What is expected:
Write exactly the lines running from the start of the material below to the line that includes "After turning it", and include no pictures.

Exercise data:
--- --- ---

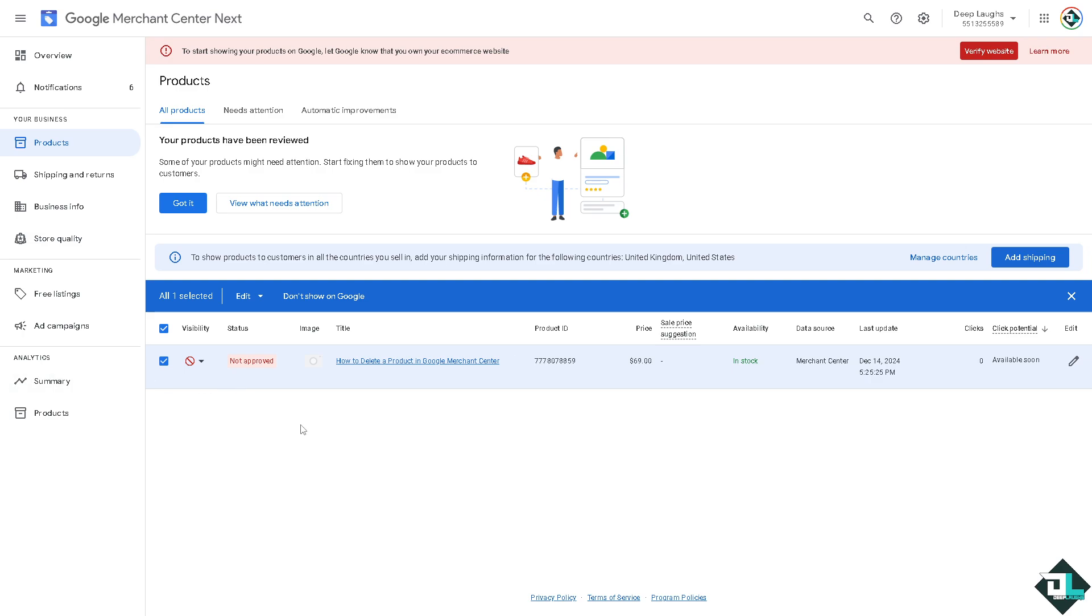Now in this case, since this product is not approved, you would notice that there's no option for you to delete it.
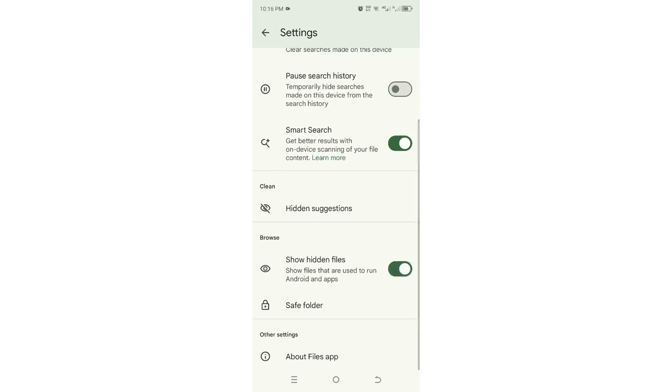After turning it on, you have now enabled your files app to show hidden files in your Android device.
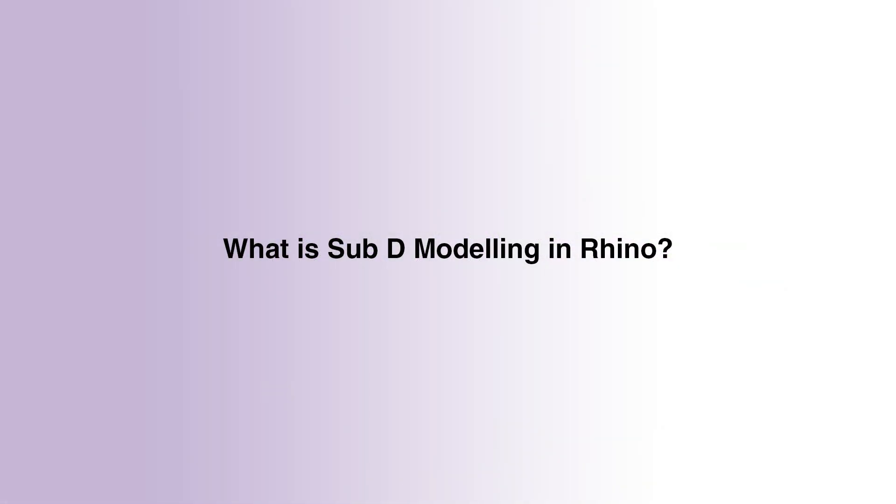So what is Sub-D modeling in Rhino? Sub-D is a new object type available in Rhino 7. You might be more familiar with some of the more common object types such as poly surfaces or surfaces in Rhino which constitute NURBS geometries, as well as other object types like meshes.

--- --- ---

Response to the task:
Now in this case, since this product is not approved, you would notice that there's no option for you to delete it.
After turning it on, you have now enabled your files app to show hidden files in your Android device.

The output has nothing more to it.